I propose to take an income no greater than $50,000 per annum! Beyond this I need ever earn, make no effort to increase my fortune, but spend the surplus each year for benevolent purposes! Let us cast aside business forever, except for others. Man must have no idol and the amassing of wealth is one of the worst species of idolatry! No idol is more debasing than the worship of money! _ Andrew Carnegie

1st Carnegie Library in Dunfermline, Scotland!
  • Carnegie financed an unprecedented sum of $10 million for the Universities of Scotland. He also provided the pension funds for the former employees at Homestead and American college professors in 1905, wherein the later funds evolved into TIAA-CREF.

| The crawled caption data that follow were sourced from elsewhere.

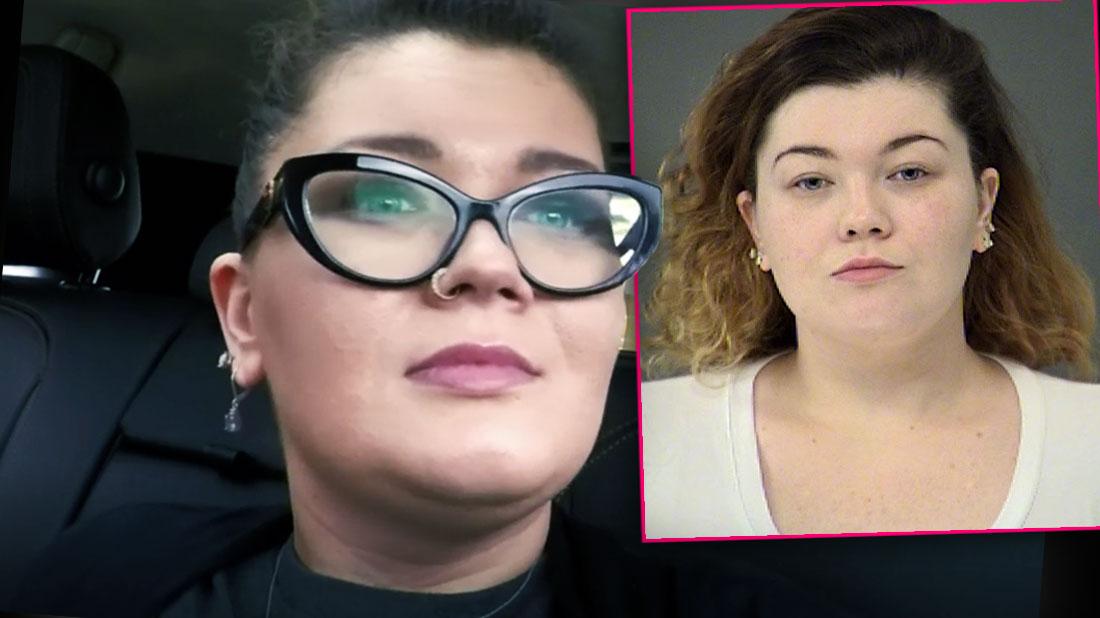 Amber Portwood Inset Amber Portwood Mugshot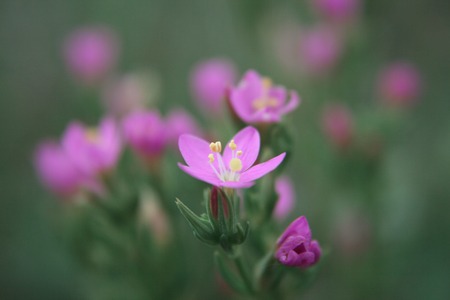 purple and lilac petals of wildflowers.の写真素材
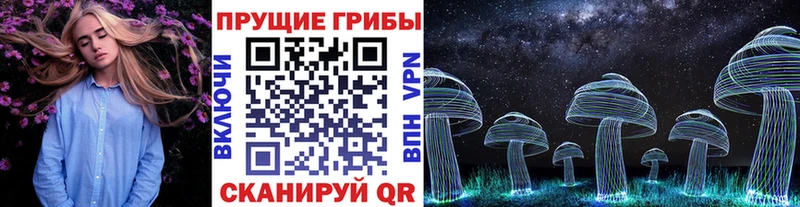 нарко площадка Telegram  Кропоткин  Галлюциногенные грибы Psilocybe  продажа наркотиков 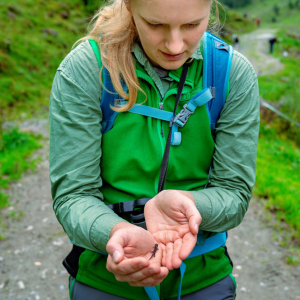 Sylvia Flucher ging mit kleinem Bergmolch auf Tuchfühlung. © NPHT F. Kreidl-Glück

  • He authored “Triumphant Democracy” in 1886 and “Gospel of wealth” in 1889, which were the books on social subjects of a human and responsibilities of a great wealth respectively. Triumphant Democracy created many controversies as it criticized the British Royal family, despite inspiring the Americans on the nation’s economic process.
  • Andrew Carnegie decided to not marry till his mother’s death, to care her. Later after her death in 1886, he married Louise Whitfield. The couple had an only daughter named after Carnegie’s mother “Margaret” in 1897.
  • Andrew Carnegie leading a prosperous life to himself & to the society, passed away on August 11, 1919 in Massachusetts, diseased by bronchial pneumonia. Before his death, his gross donations to the people & society accounts to $350,695,654 ($65 billion as of 2019).
  • Andrew Carnegie’s precept of life & living was:
  1. First Third of Life – To get all the education & knowledge one can
  2. Second Third of Life – Making ample money one can
  3. Last Third of Life – Giving it all away to the needs & worthwhile causes.